44. The consequences of contravention of the above requirements in relation to members' approval for loans etc are that the transactions or arrangements are voidable at the instance of the company. In the case of a contravention of the requirement for a members' resolution this can be rectified by a subsequent resolution within a reasonable period, after which the transaction or arrangement is no longer voidable (Companies Act 2006, sections 213 and 214).

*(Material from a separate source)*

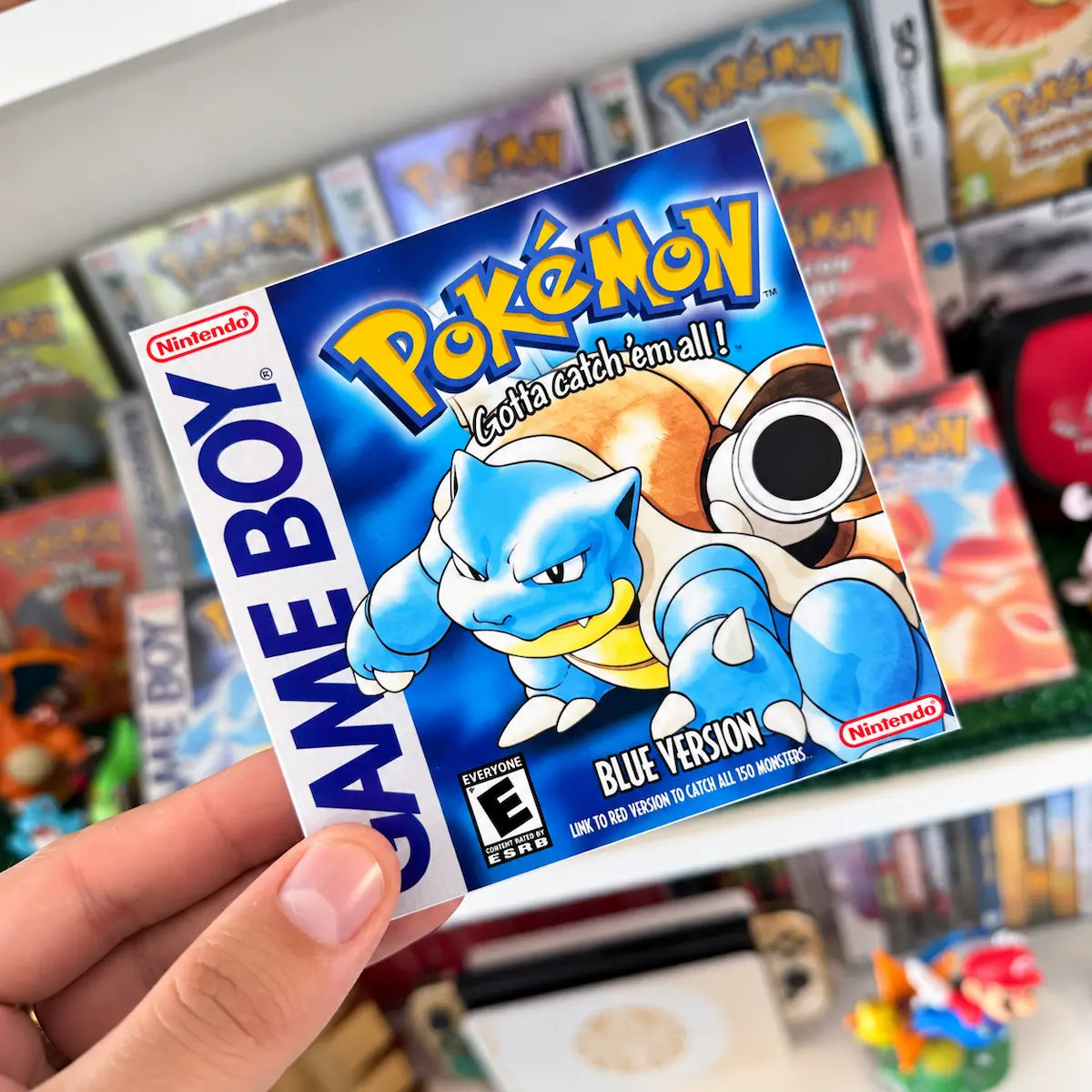 Pokémon Blue Version sticker with Blastoise held in front of a retro Pokémon game collection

Directors' remuneration and compensation for loss of office

45. Company law does not confer on a director any right to remuneration - such a right must come from the company's Articles and/or the director's service contract. Listed companies are expected to establish remuneration committees to act in setting directors' remuneration. The Combined Code addresses best practice provisions relating to remuneration committees and their procedures and also remuneration policy, service contracts and compensation.
46. A company may remove a director by ordinary resolution at a meeting before the expiration of his period in office provided Special Notice of such resolution has been given (Companies Act 2006, section 168) 14 , or by special resolution (Companies Act 2006, sections 282(5) and 283), in which case special notice is not required The board may be able to remove a director if it is given this right by the Articles of the company. This does not deprive the director of compensation or damages that may be due to him in respect of the termination.
47. A company may not make a payment to a director for loss of office unless the payment has been approved by a resolution of the members of the company, nor may it make a payment for loss of office to a director of its holding company unless payment has been approved by the members of that company by a resolution (Companies Act 2006, sections 217). This rule does not apply to certain termination payments or liquidated damages set out in an existing legal obligation in an employment contract (see paragraph 50 below). This rule also applies to payments for loss of office in connection with a transfer of the whole or any part of the undertaking or property of the company and to payments in connection with a share transfer resulting from a takeover bid (Companies Act 2006, sections 218 and 219).
48. A memorandum must be circulated with the resolution to the members under the same formalities as described in paragraph 39 above. Definitions of 'payments for loss of office' and further conditions relating to the sale of shares and the amounts to be taken for loss of office are set out in sections 215 to 217 of the Act .
49. Accounting regulations made under Sections 412 and (for quoted companies ) 421 of the Act specify the disclosure to be made in a company's accounts in respect of a director's remuneration and compensation for loss of office (see paragraphs 111 and 127 below). In addition, UK listed companies are required by the Listing Rules to make additional disclosures (see paragraph 128 below).
50. Approval by the members is not required for payments made in good faith:
  • by way of discharge of an existing legal obligation or by way of damages for breach of such an obligation;
  • by way of settlement or compromise of any claim arising in connection with the termination of a person's office or employment;
  • by way of a pension in respect of past services;
  • if the amount or value of the payment by the company or any of its subsidiaries together with the amount or value of any other relevant payments does not exceed 200 (Companies Act 2006, section 220 and 221).
51. If a payment is made without the members' approval it is held in trust for the company making the payment and any director who approves the payment is jointly and severally liable to indemnify that company. If the payment is made in connection with a share transfer it is held on trust for the persons selling the shares and any costs of distributing it to those persons must be covered by the person holding the monies in trust (Companies Act 2006, section 222).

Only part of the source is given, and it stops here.